When the Kinks recorded “Complicated Life” in 1971, would anyone have believed the Preservation Hall Jazz Band would be doing their tune 35 years later? Talk about kinky! Or what about vocalist/banjo player Carl LeBlanc adding a track in 2006 to a wonderful 1976 version of “Over in the Gloryland” that was never released? LeBlanc introduces a clarinet solo by the late Willy Humphrey that sounds so funky and so post-Katrina New Orleans that Humphrey might have recorded it yesterday. The added track was produced by Ben Jaffe, Creative Director of Preservation Hall and son of its founder, Allen Jaffe who produced the original 30 years ago.
Not exactly Natalie and Nat King Cole, perhaps, but these are just two of the many surprises you’ll find in this remarkable compilation of music, video footage and memorabilia ranging from carnival doubloons to calling cards to old publicity photos that are part of Made in New Orleans: the Hurricane Sessions.

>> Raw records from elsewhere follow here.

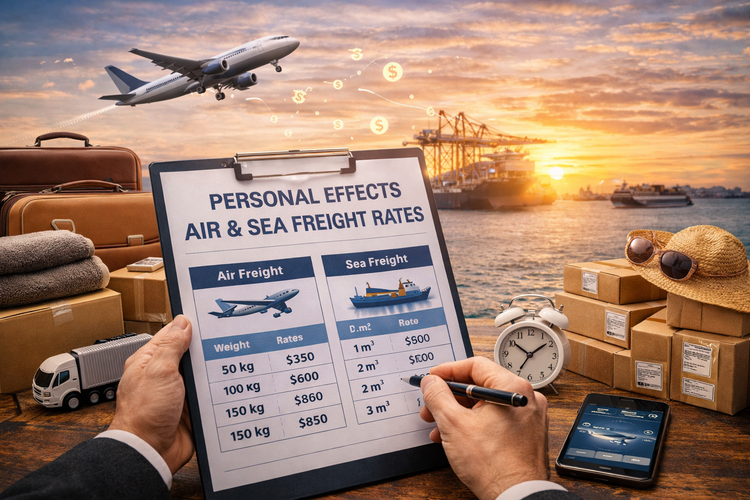 Personal Effects to Fiji – Pacific Freight Link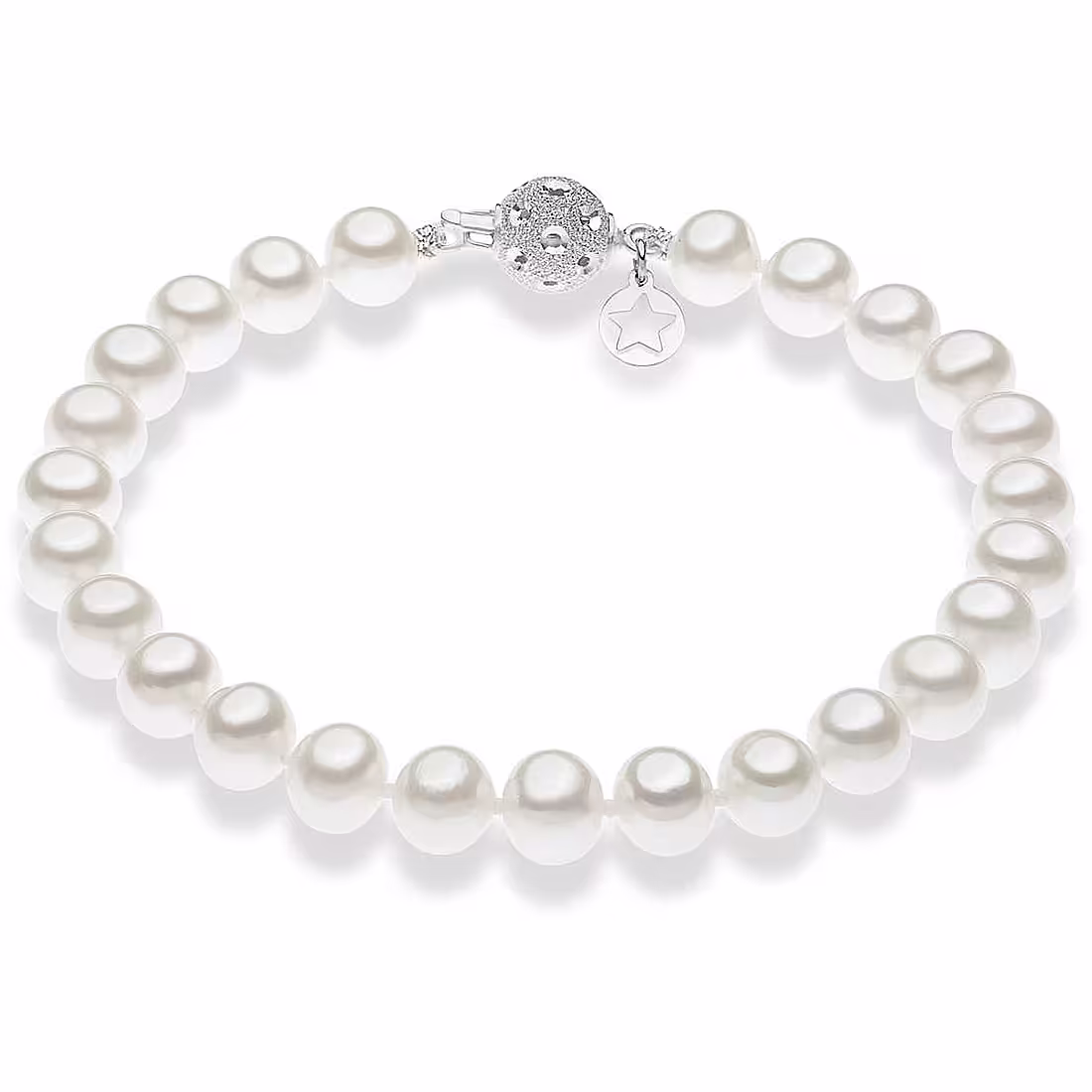 bracciale filo perle akoya in oro comete BSM 121 B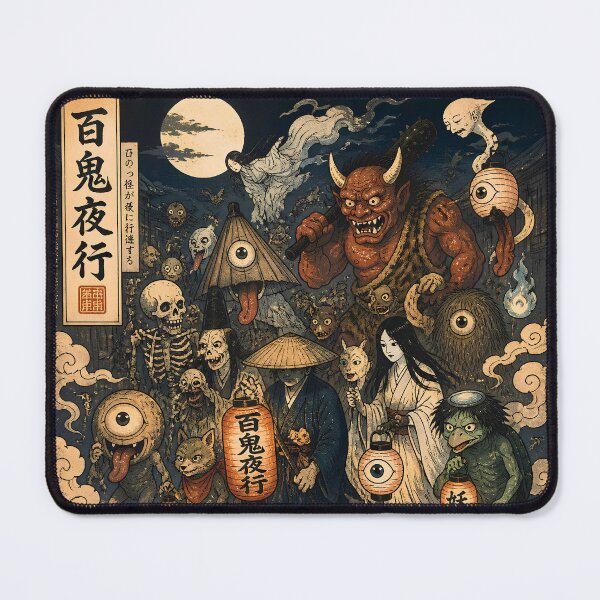 Item preview, Hyakki Yagyo Yokai Parade – Japanese Demon Night Procession Art designed and sold by kaxymax.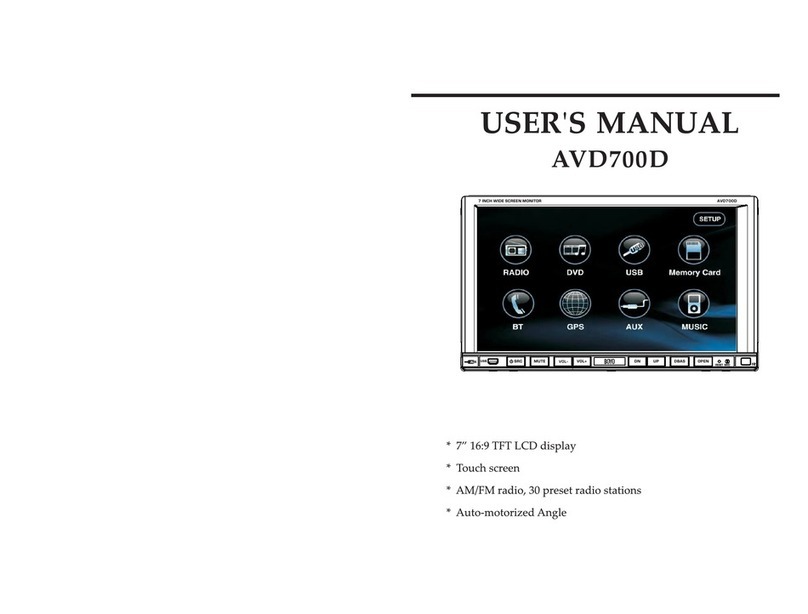 Boyo AVD700D user manual Boyo AVD700D user manual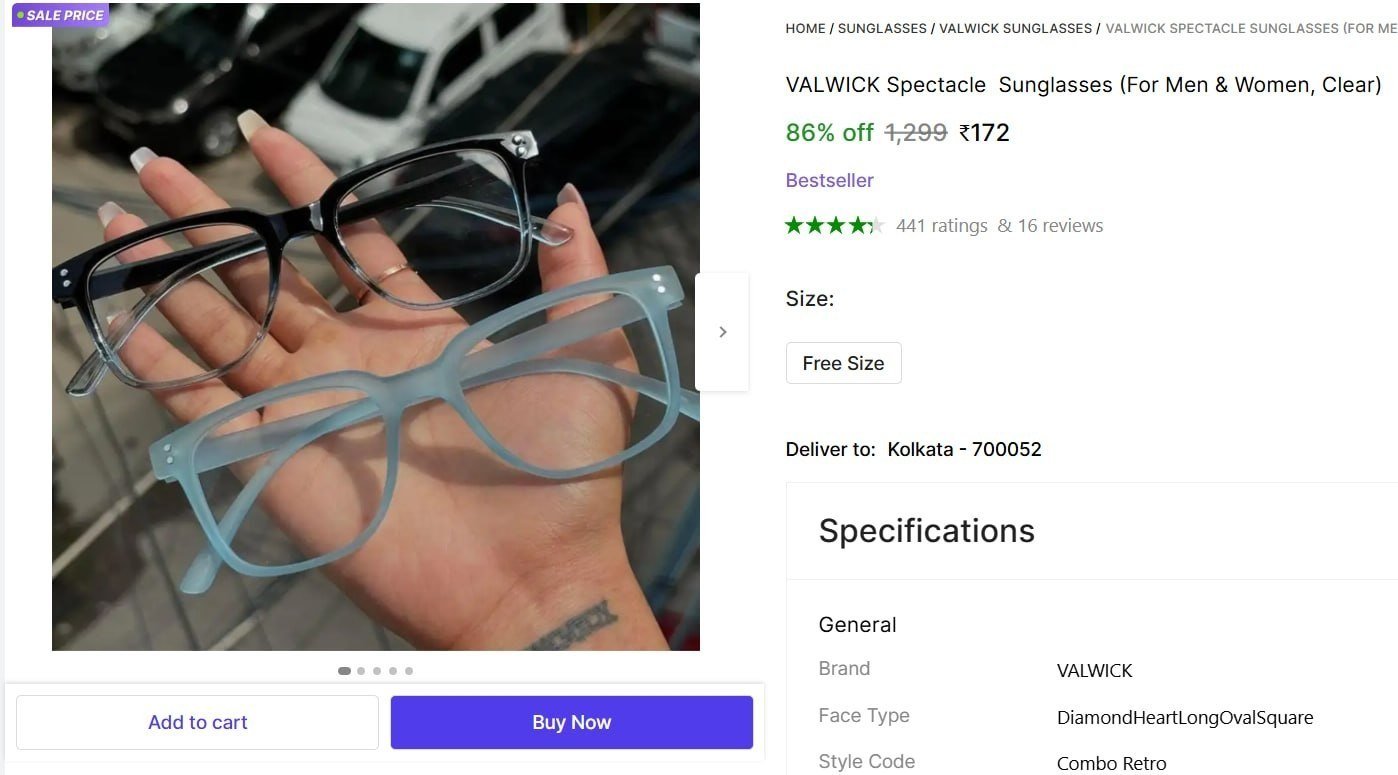 valwick spectacle sunglasses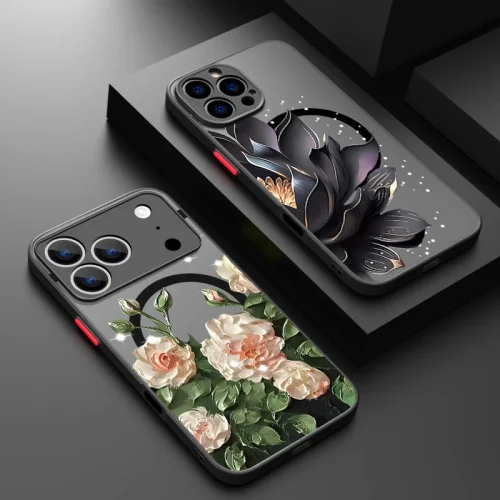 حافظة لهاتف آيفون اير 17 16 15 14 13 برو ماكس 12 برو 16 بلس 16e 11 لهاتف Magsafe مضاد للصدمات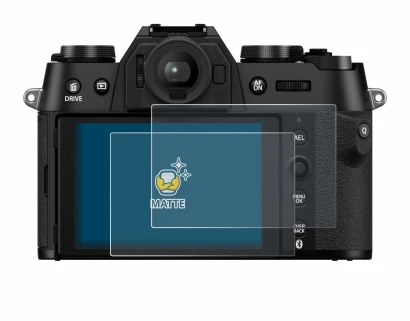 Image of the device Fujifilm X-T50 with a wide variety of screen protectors.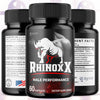 Image of (3 Pack) Rhinox X Advanced Male Support Pills RhinoxX Supplement 180 Capsules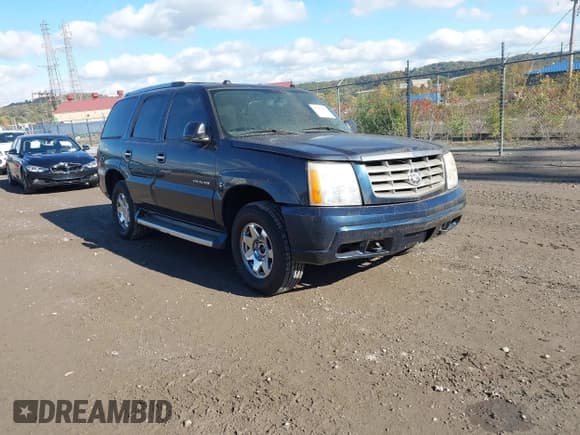 ✅ 2005 Cadillac Escalade • VIN: 1GYEK63N35R194613 • Lot: 43499491. Wystawiony na IAAI z przebiegiem 146 226 mil. Bezpłatny archiwum sprzedaży aukcyjnych z USA i szczegółowy raport historii pojazdu na DreamBid. Zdjęcie 1.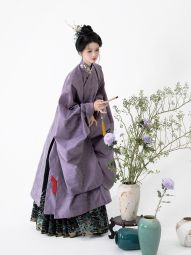 半生罗裳 琉璃 明制汉服女立领斜襟长衫晚明暗纹纱绣花-淘宝网 主图 005.jpg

That’s the overall title for these individually produced box sets put together by Jaffe and his staff in what may be the most ambitious multimedia package ever offered for sale in the jazz world.
The original idea was to produce something unique to mark the 45th anniversary of Preservation Hall in 2006. But after Katrina, the project went through a dramatic change. Soon after the disaster, Jaffe went to Sea-Saint Studio where some of this material was stored. The famed studio had been flooded with eight feet of water, so the end product is based on tapes he salvaged from above that water line along with other archival resources that were in danger of being lost elsewhere. The purpose of the project also changed.
Now, like so much else in New Orleans, it is linked forever to the tragedy our city and our people endured. This is no nickel-and-dime offering. The basic package sells for $80 with a special limited edition of 504 copies that go for $150. The limited edition includes many documentary original items from Preservation Hall’s past including a seven-inch EP that was never released and old press photos of former members of the Preservation Hall Jazz Band. Each box, Jaffe says, will have different photos so every package will be different.
These elements work together remarkably. No individual part even hints at the impact of the whole production. When listening to the CD alone, I found many interesting vocals but not much of the ensemble playing that has always been a trademark of Preservation Hall and of early New Orleans jazz. That’s not to say the CD music isn’t fascinating. It ranges from a spiritual with the prescient title “Lord I Don’t Want to be Buried” recorded in 1959 by Sister Gertrude Morgan to one of two versions of “Complicated Life” featuring present day Preservation Hall vocalist Clint Maedgen. The other version, a DVD music video by filmmaker Henry Griffin shows Maedgen singing while doing, what until recently earned his living, serving as a bicycle delivery boy for Fiorella’s in the French Quarter.
But what about that problem of ensemble jazz? Also on the DVD is a performance of “Pretty Red Wing” done by George Lewis and band that concludes with nine completely ensemble choruses that keep getting hotter and hotter. So does this offering meet its goals, or, to put it more directly, is it worth the bucks? With the music alone, probably no. But there’s so much more here than the music. The emotional impact of seeing as well as hearing all this stuff together makes it a tough call and a very personal one. I bought one of the limited edition sets myself, but I bought it for what this project says to me, not, to be honest, for any reason I can put in writing for you.